Citron Research, either deliberately or through an oversight, chose to compare Mobileye’s R&D spend to its EV instead of sales as is the usual practice. Though it’s okay to use EV, the more common practice is to use R&D/Sales. Mobileye spent 25% of its revenue on R&D in 2014. That compares very well with the percentage of revenue spent on R&D by the other companies on Citron’s list, and even higher than that by companies such as Qualcomm (NASDAQ: QCOM) which spent 20% of its 2014 revenue on R&D. Moreover, it misleading to compare pure-play chip companies, including analog chip companies such as Texas Instruments, with Mobileye since these companies spend their R&D cash on diverse fields of research whereas Mobileye dedicates all its R&D spending on ADAS.
Citron compared Mobileye to 3D printing systems ostensibly because driverless cars are little more than hype. But that again is misleading. Large tech companies such as and Google (NASDAQ: GOOG) (NASDAQ:GOOGL) and Apple, which have heavily invested in self driving cars . This is not something that we saw with 3D printing. Although many auto companies won’t be launching their first fully autonomous vehicles before 7-8 years, a few like Audi plan to launch in about two years’ time.
But fully autonomous cars are just part of the market for ADAS. The NTSB has been pushing for collision-avoidance systems to become standard on all vehicles noting that just 4 out of 648 models in the U.S. sported full collision avoidance systems in 2014. So the market for ADAS systems could turn out to be much bigger than what many naysayers anticipate, thus giving Mobileye ample growth runways.
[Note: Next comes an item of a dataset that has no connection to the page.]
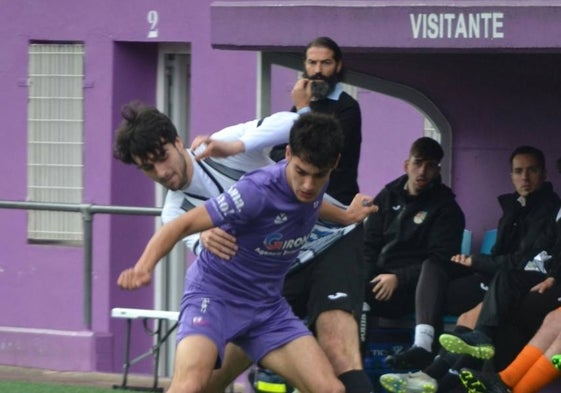 Un jugador del Santurtzi pugna por un balón.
While Mobileeye shares still look overvalued, that is pretty normal for market leaders in high-growth industries. In the current choppy market, the shares could continue sliding. But, there is no good reason to believe that Mobileye will run out of growth runways any time soon. Investors should buy once the shares drop by another 10% or maybe 15% if the bear market continues taking a toll on the tech sector in general.